デビュー後は順調に実績を積み重ね、2016年にはヤンググランプリも制した。アマチュア時代はスプリント競技で全国優勝など、ピュアスプリンタータイプのイメージがあったが、彼のストロングポイントは「しぶとい捲り」だろう。
捲りの踏み出しやキレと言う観点では突出したものを感じないが、とにかく「長く」伸びてくる。イメージとしては「捲りは進んでいるもの流石にここで止まるか………いや、まだまだ伸びている」というしぶといイメージだ。その上トップスピードも高いので、ゴール前一気に前団を飲み込むシーンも多い。
デビュー後は出世も早く、南関東地区期待の若手自力選手として期待されていた渡邉選手。しかし、格上選手との対戦時には、後手(捲り)に回ってしまい不発が続いた。捲りで一撃はあるものの、「渡邉の早い仕掛けは無い」と言うイメージが浸透し、対戦相手に戦略を読まれてしまう部分もあった。

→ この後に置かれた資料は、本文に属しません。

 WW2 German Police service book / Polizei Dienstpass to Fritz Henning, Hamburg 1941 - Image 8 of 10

しかし2021年の夏頃から、渡邉の雰囲気やレースっぷりはガラッと変わってきた。一辺倒な組み立てはなりを潜め、ドッシリとした安定感が生まれ、捲りのキレは上位クラスをも脅かすレベルに成長した。こればかりは筆者の主観だが、「強者の雰囲気」が彼に漂い出しているのだ。
元々豊かな才能があり、血統的なバックボーンもある。まだまだ27歳と若く、同期同級生の清水裕友選手と同じクラスで戦う事は可能だろう。2022年は彼にとって、重要な年になる事はほぼ間違いない。
⚫︎本レースで注目すべき選手は…?
斡旋されたSS級は、なんと松浦悠士選手、清水裕友選手の2名。松浦選手は追加斡旋とイレギュラーだが、中国ゴールデンコンビが名古屋GIIIで見られるサプライズだ。当然、本開催はこの2人が中心になる事は間違いない。
唯一対抗できる選手がいるとすれば、眞杉匠選手だろうか。今の眞杉選手の先行力は日本屈指。松浦選手、清水選手であろうとも簡単には捲れない。
地元の中部地区は浅井康太選手を中心にして戦っていくことになるが、自力選手は小粒で苦戦必至。若手ニューヒーローの誕生を切に願う。
加藤慎平
Kato Shimpei
岐阜県出身。競輪学校81期生。1998年8月に名古屋競輪場でデビュー。2000年競輪祭新人王(現ヤンググランプリ)を獲得した後、2005年に全日本選抜競輪(GI)を優勝。そして同年のKEIRINグランプリ05を制覇し競輪界の頂点に立つ。そしてその年の最高殊勲選手賞(MVP)、年間賞金王、さらには月間獲得賞金最高記録(1億3000万円)を樹立。この記録は未だ抜かれておらず塗り替える事が困難な記録として燦々と輝いている。2018年、現役20年の節目で競輪選手を引退し、現在は様々な媒体で解説者・コメンテーター・コラムニストとして活躍中。自他ともに認める筋トレマニアであり、所有するトレーニング施設では競輪選手をはじめとするアスリートのパーソナルトレーニングを務める。